The next time you go to buy a United Airlines ticket make sure you're not overweight, for having an extra-wide body could cost you two seats.
This is the new policy of the third-largest U.S. carrier. Flight attendants will search for passengers who can't buckle the seat belts or put their armrests down.
United Airlines wrote on its Web site: those deemed too fat to fly "must either purchase a ticket for an additional seat, or purchase an upgrade to a cabin with seats that address the above-listed scenarios."
In case no other seats are available on that flight, the overweight flier will be grounded until two adjacent seats can be found on the next plane out.
"It's discrimination. I understand if a person takes space from another, they should pay extra. But not an entire second seat," the New York Daily News quoted Jack Gillotto, a 300-pounder from Danbury, Conn., as he waited for a flight at LaGuardia Airport, as saying.
Juan Rivera, who goes by 'El Gordo" because he weighs 230 pounds and stands just 5-feet-2, said: "That affects me, as an overweight person. I don't feel like I should pay for being bigger."
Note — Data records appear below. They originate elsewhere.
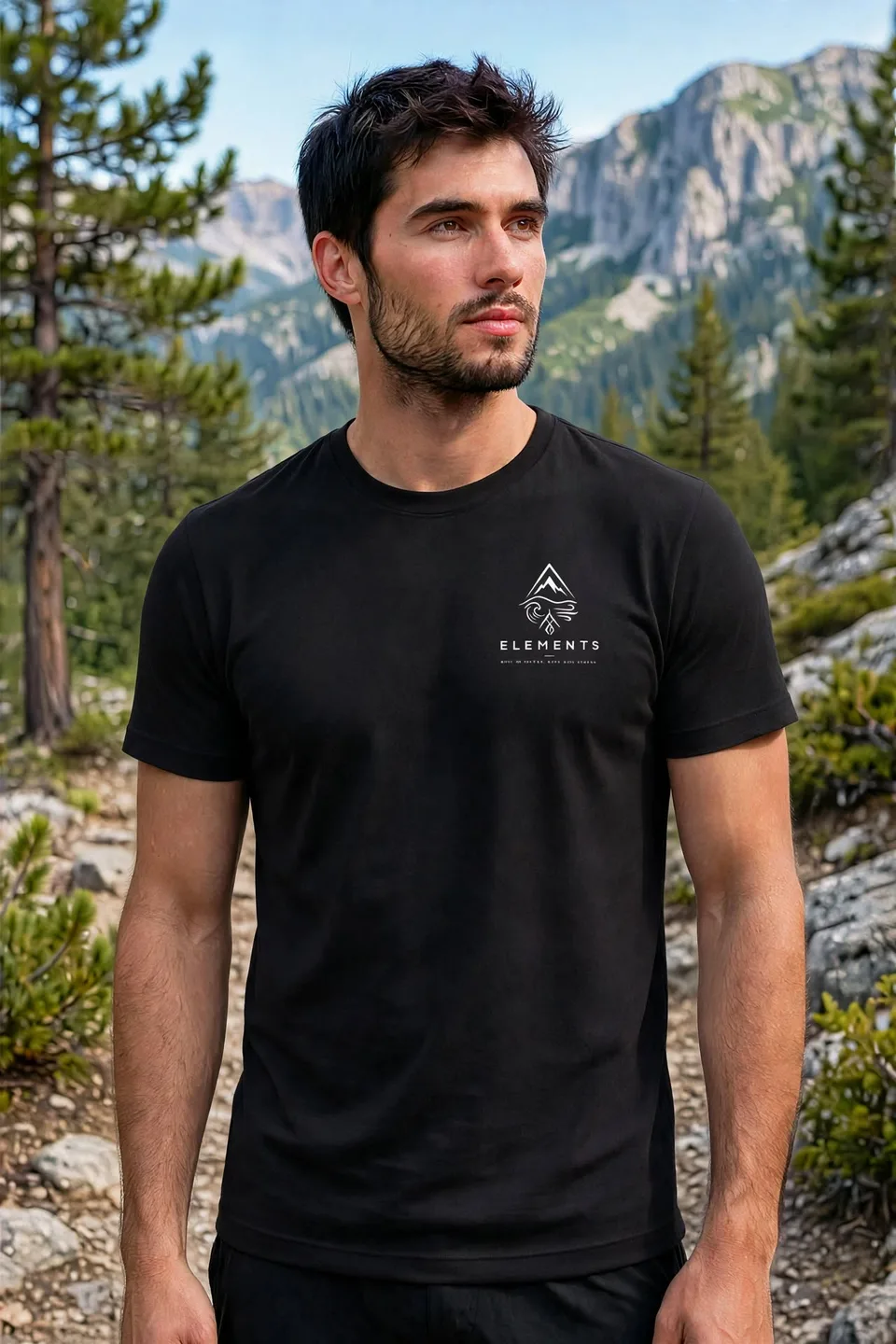 black active mens wear with elements logo front and back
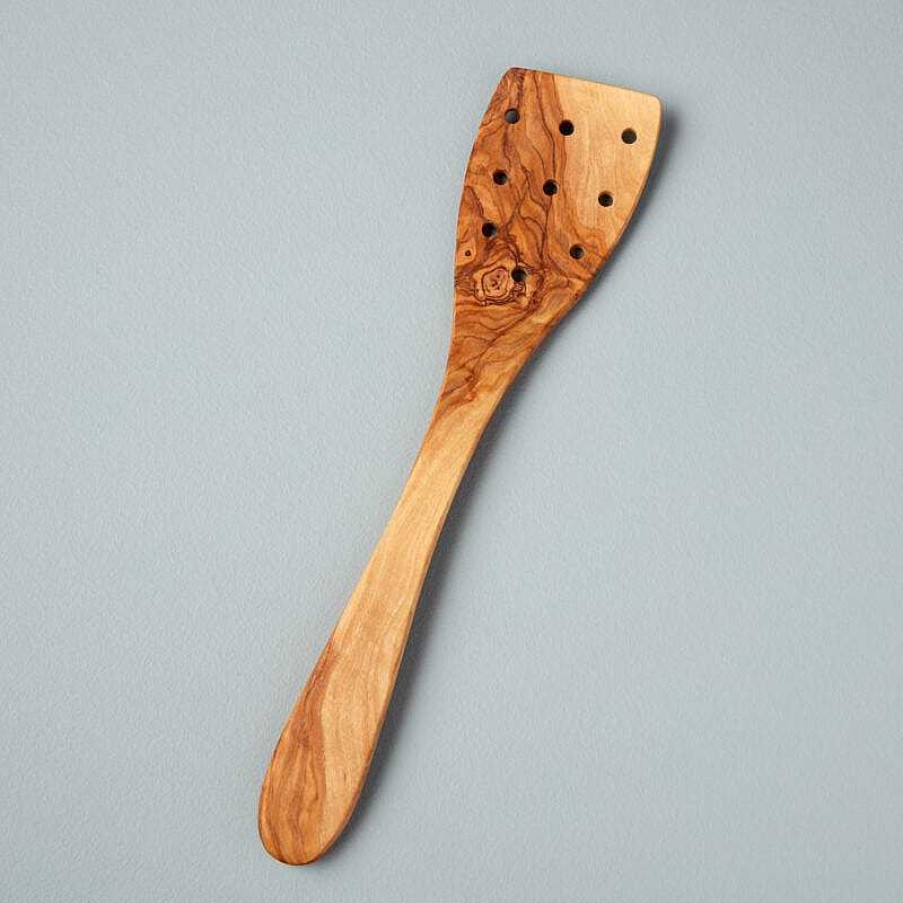 Kitchen Relish Decor | Olive Wood Spatula With Holes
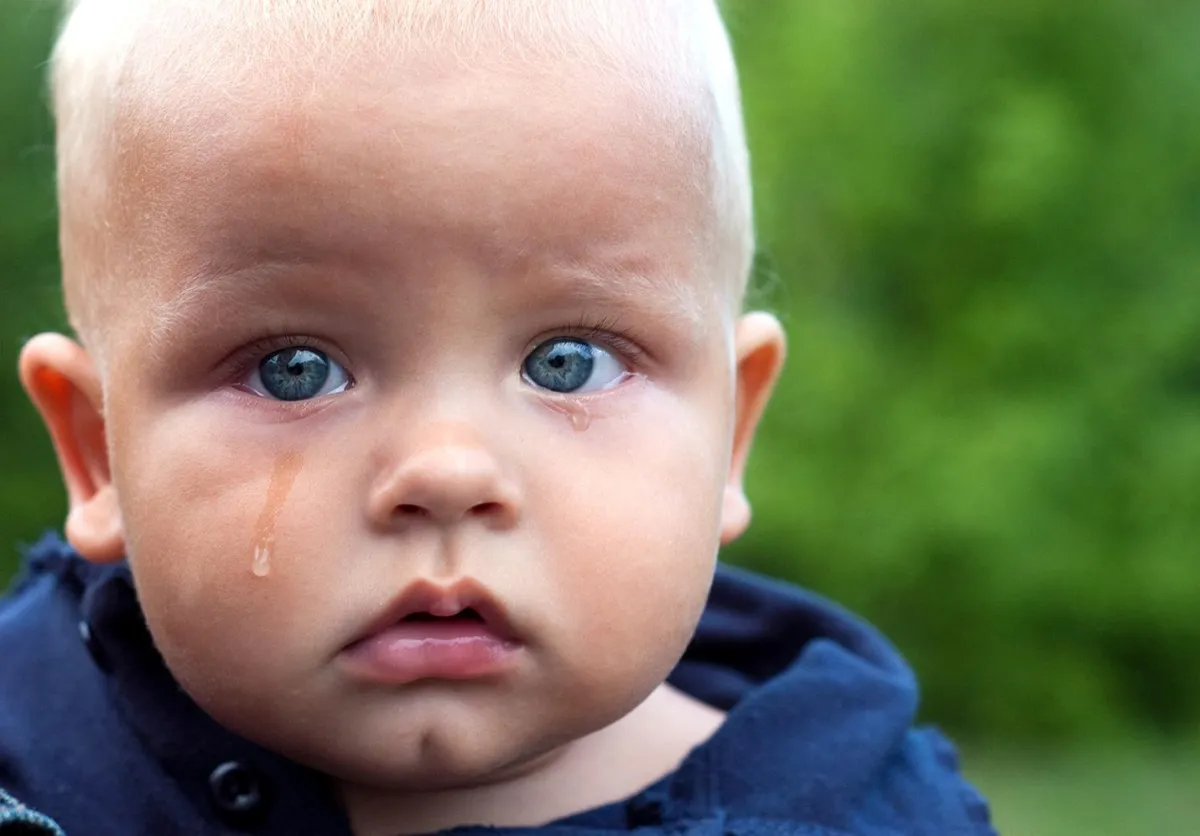 helpless toddler crying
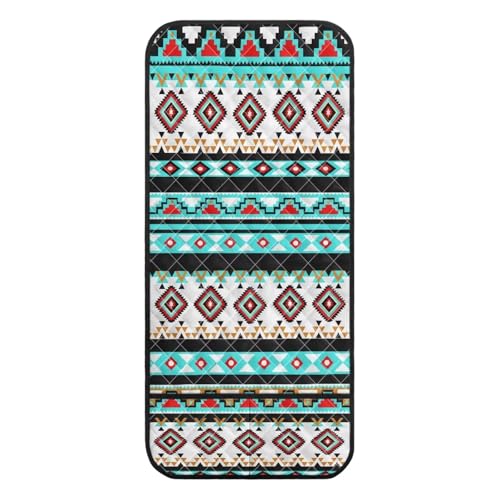 Blue Aztec Tribal Geometry Print Armrest Cover for Sofa Control Holder Sofa Armrest Organizer for Magazine, Tablet, Phone, iPad Chair Arm Covers 44x20 inch Couch Cover - color: Blue Aztec Tribal Geometry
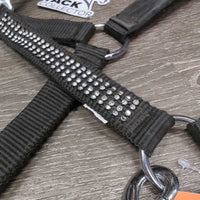 Padded Nylon Halter, bling, adj, snap *vgc/gc, missing bling, residue/film, mnr hair, dirt, rubs, tear
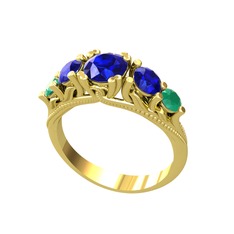 Lab safir ve kök zümrüt 925 ayar altın kaplama gümüş yüzük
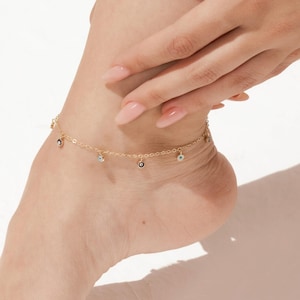 14K Gold Evil Eye Beaded Anklet - Dainty Beach Jewelry
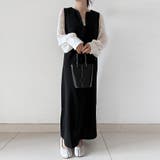 ベージュブラック | ドッキングシアーキーネックワンピース | Doux Belle
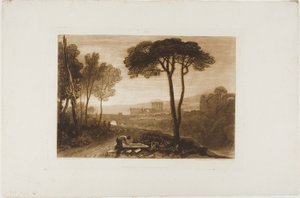 Scéna v Campagna, deska 38 z Knihy studií od Joseph Mallord William Turner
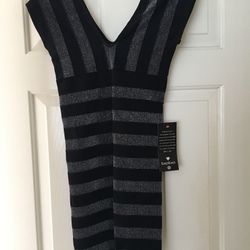 Bebe Lurex Black and Silver Striped Dress, Size M/L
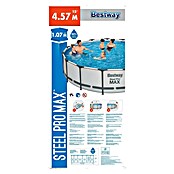 Bestway Opzetzwembad Steel Pro Max Set 457x107 (Ø x h: 457 x 107 cm, Grijs, 14.970 l) | BAUHAUS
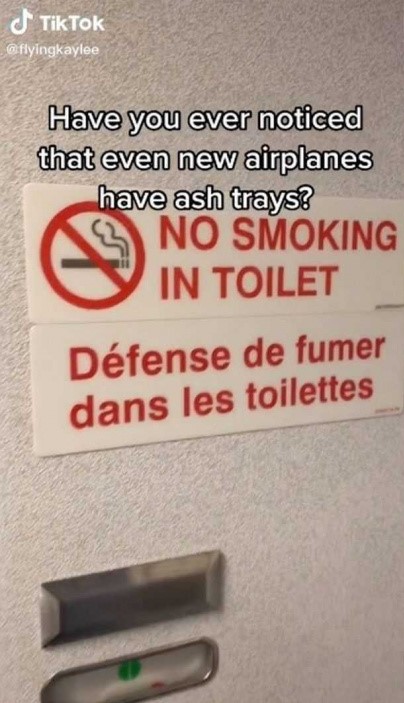 飛機廁所為何設有煙灰缸？空姐親揭原因！竟然和一條法例有關 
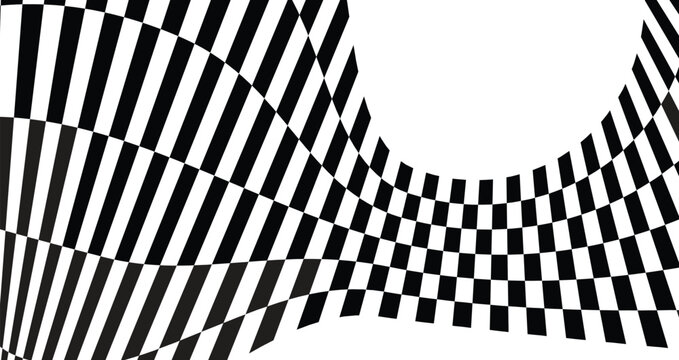 Abstract wavy checkered pattern optical illusion black white geometric background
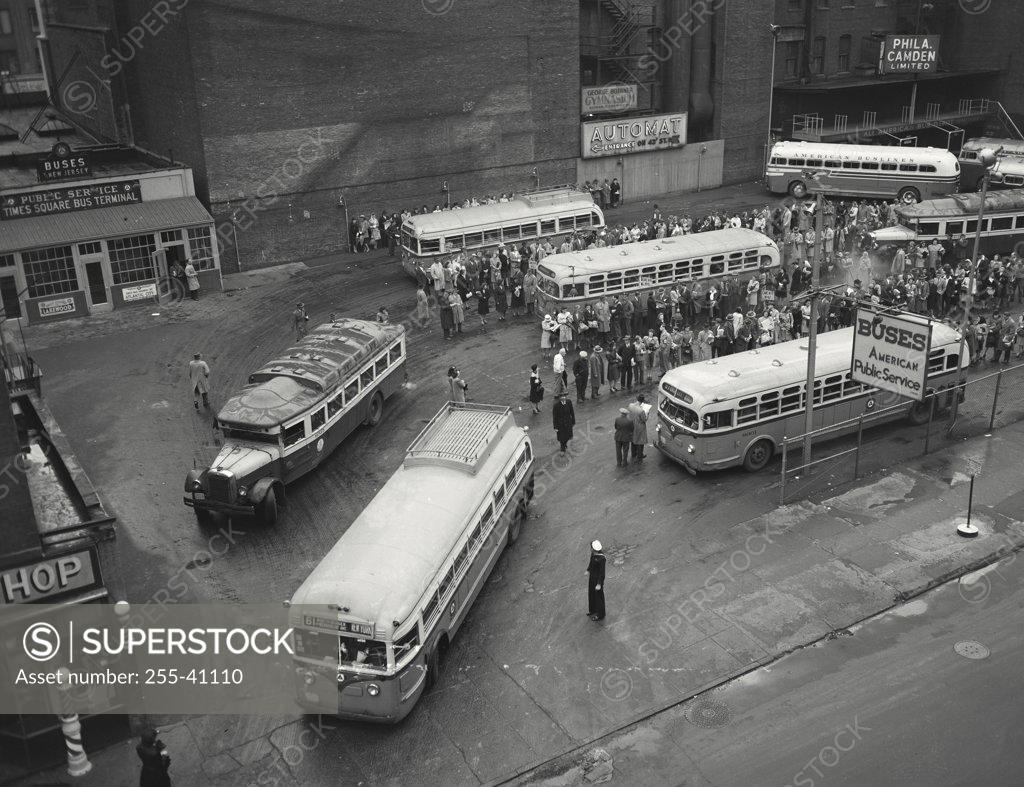 Stock Photo: 255-41110 High angle view of buses parked in a bus station, New York City, New York, USA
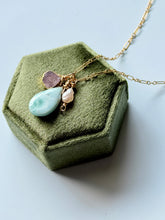 Load image into Gallery viewer, Ocean Waves Freshwater Pearl, Larimar And Ruby 14k Gold Fill Necklace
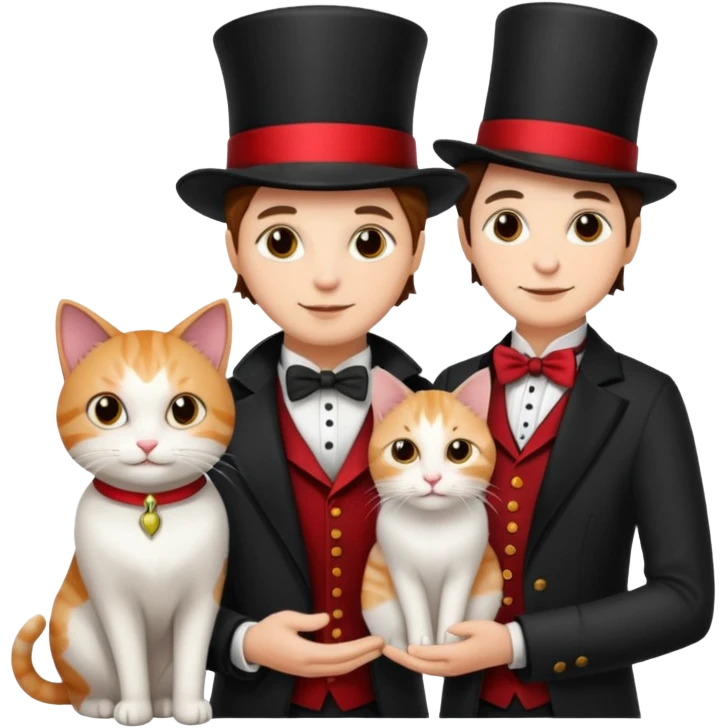 I'llmagician couple and their pet cat emoji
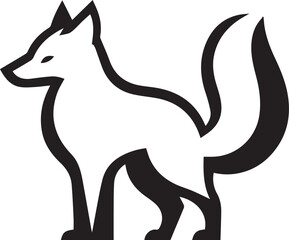 Elegant Black and White Wolf Silhouette Vector Illustration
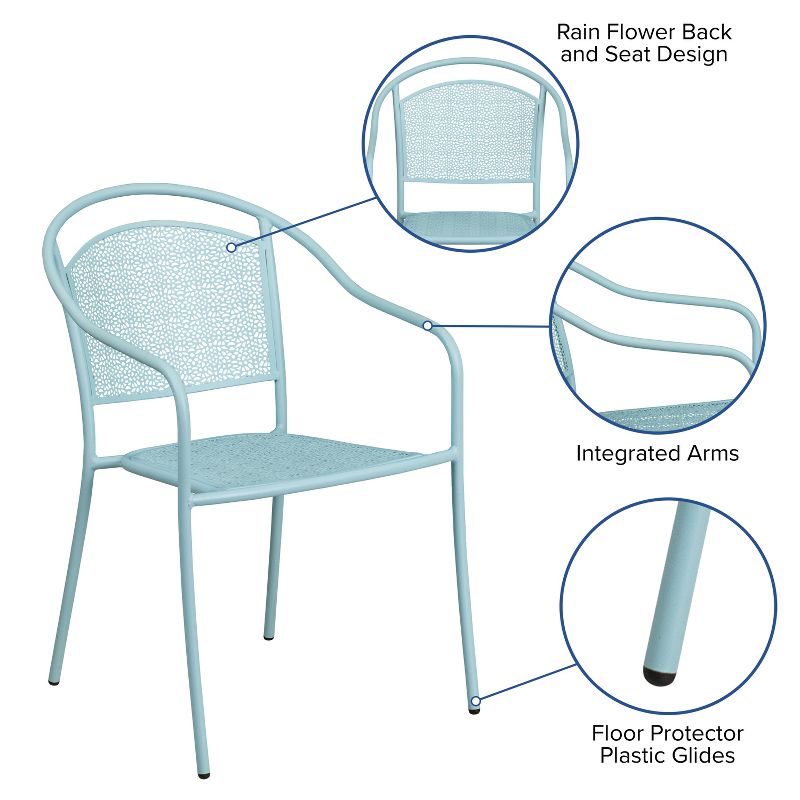 Emma and Oliver Commercial Grade Colorful Metal Patio Arm Chair with Round Back, 3 of 11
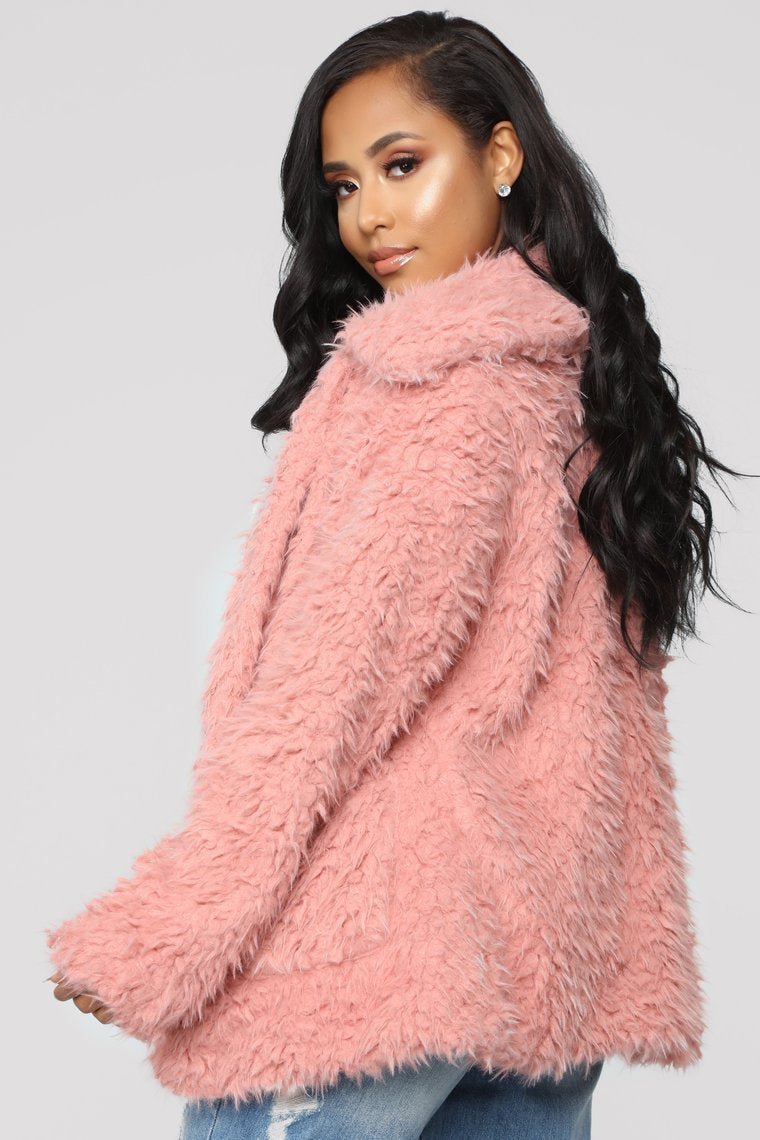 Great Feels Fuzzy Jacket - Mauve - jameswhite001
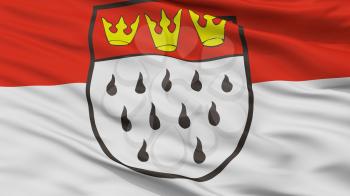 Koeln City Flag, Country Germany, Closeup View, 3D Rendering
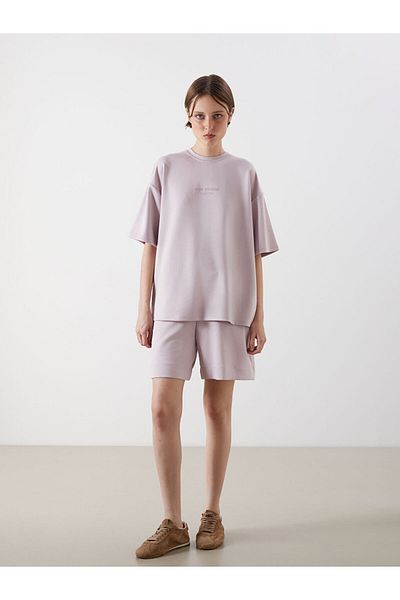 LC Waikiki Matte Lilac Crew Neck Printed Oversize Women's T-Shirt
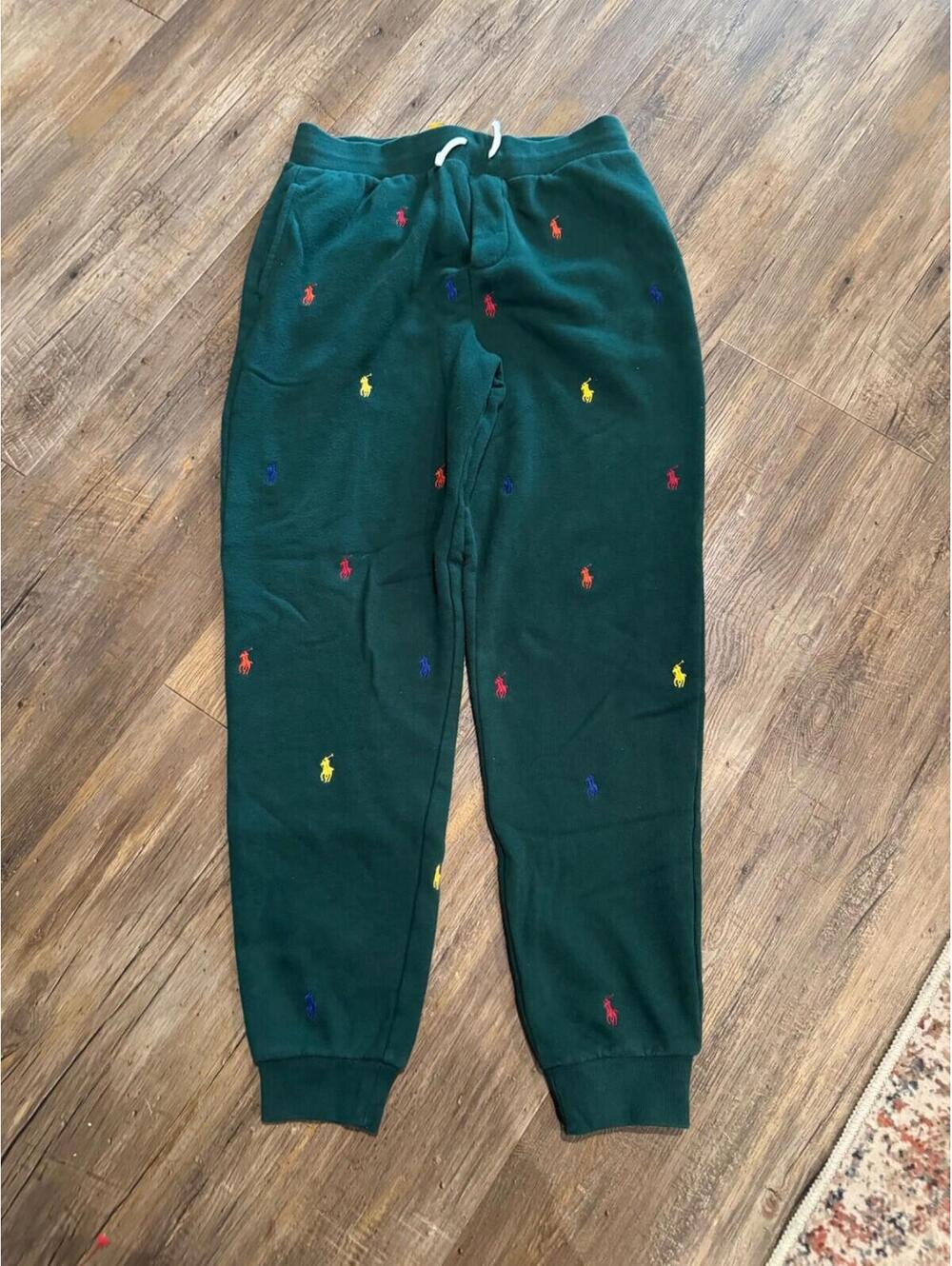 Ralph Lauren Polo Pony Fleece Jogger Pant Green Sz Lg 14/16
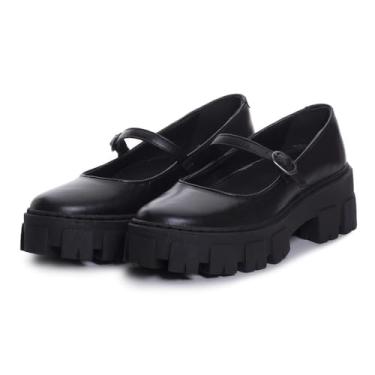 Imagem de Sapato Boneca Mocassim Oxford Tratorado Couro Feminino Com Fivela Casual Macio Tamanho:36;Cor:Preto;Gênero:Feminino;Departamento BS:Esporte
However, United Airlines said that the rule is in response to the 700-plus complaints it received last year about obese travelers invading neighbors' space.
United spokeswoman Robin Urbanski Janikowski said: "This will apply after all other solutions are exhausted. Should the flight be full, which is rare in today's economy ... we will offer the second seat on another flight at the same fare that was originally paid."